Can the lines below, from the one that holds "アリラン亭 - 2014.12ソルロンタンについてくる塩とカクテキ" to the very end, be echoed exactly, with both ends included and no pictures?

* _GIVEN DATA_:
==============================
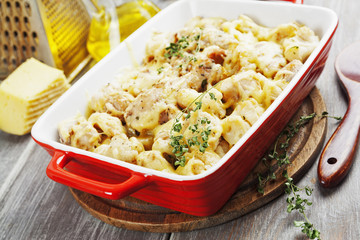 Casserole with cauliflower and chicken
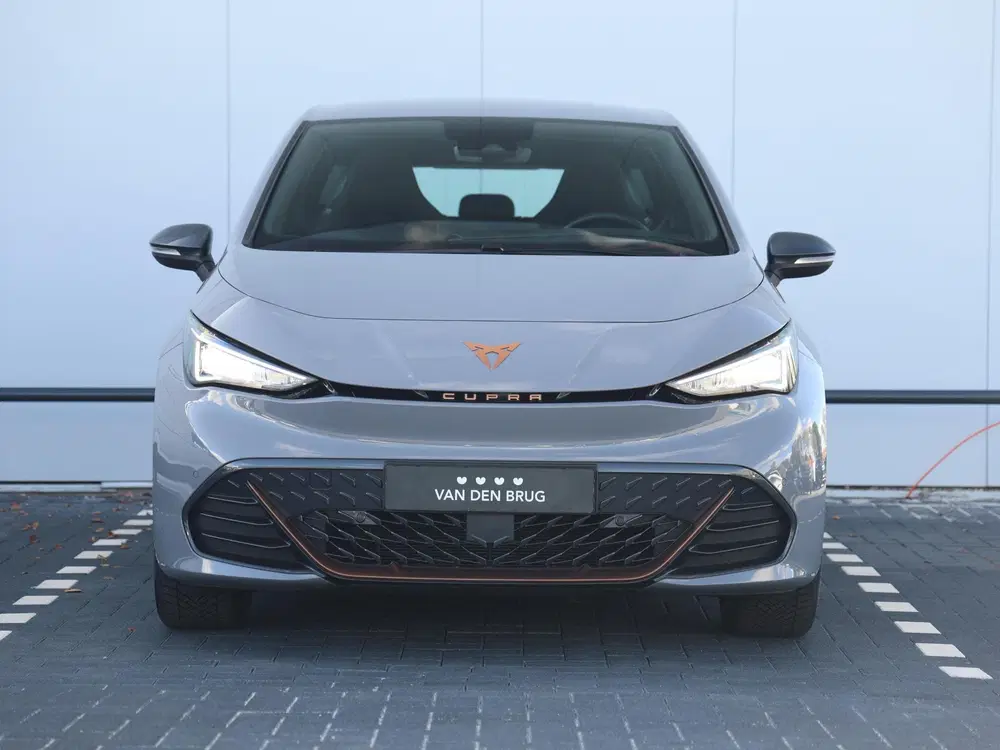 Cupra Born Essential Edition 204pk uit 2024, foto 14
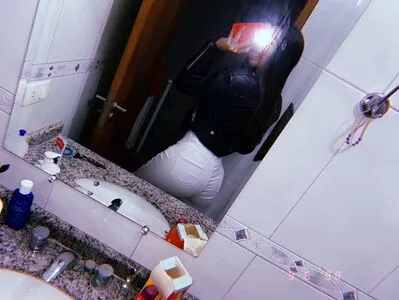 Maria Luiza OnlyFans Leaked Free Thumbnail Picture - #warsmrEY05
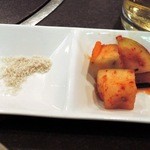 アリラン亭 - 2014.12ソルロンタンについてくる塩とカクテキ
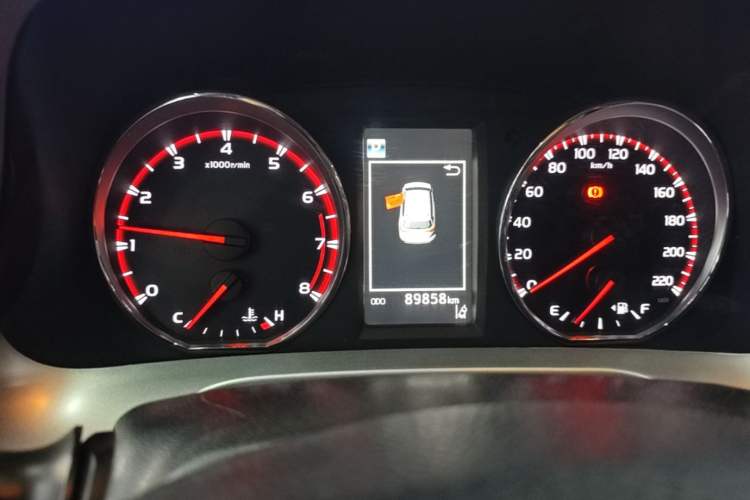Used Toyota RAV4 2018 2.5L Automatic 4x4 Elite i Edition Instrument Cluster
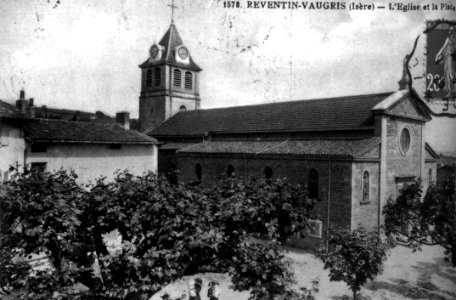 Reventin-Vaugris l'église et la place, 1925, p174 de L'Isère les 533 communes photo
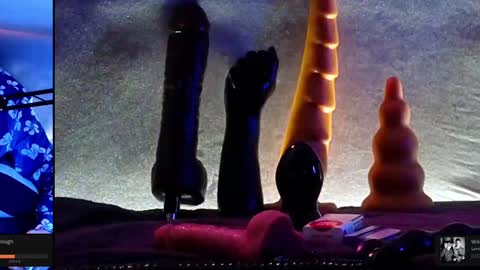 Snapshot of lux_dei chatting on January 19, 12:49 am Im a - CAMGUY YOU LIKE to FUCK online show from January 19, 12:49 am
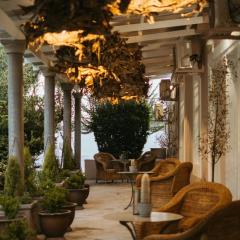 The Hanover Luxury Hotel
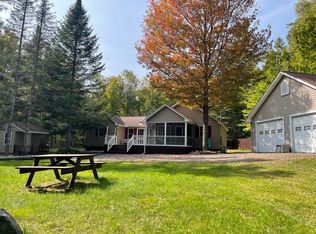 40 Peeks Hill Rd, Athens, ME 04912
==============================
* _SOLUTION FOR THIS TASK_:
 アリラン亭 - 2014.12ソルロンタンについてくる塩とカクテキ
Used Toyota RAV4 2018 2.5L Automatic 4x4 Elite i Edition Instrument Cluster
 Reventin-Vaugris l'église et la place, 1925, p174 de L'Isère les 533 communes photo
 Snapshot of lux_dei chatting on January 19, 12:49 am Im a - CAMGUY YOU LIKE to FUCK online show from January 19, 12:49 am
 The Hanover Luxury Hotel
 40 Peeks Hill Rd, Athens, ME 04912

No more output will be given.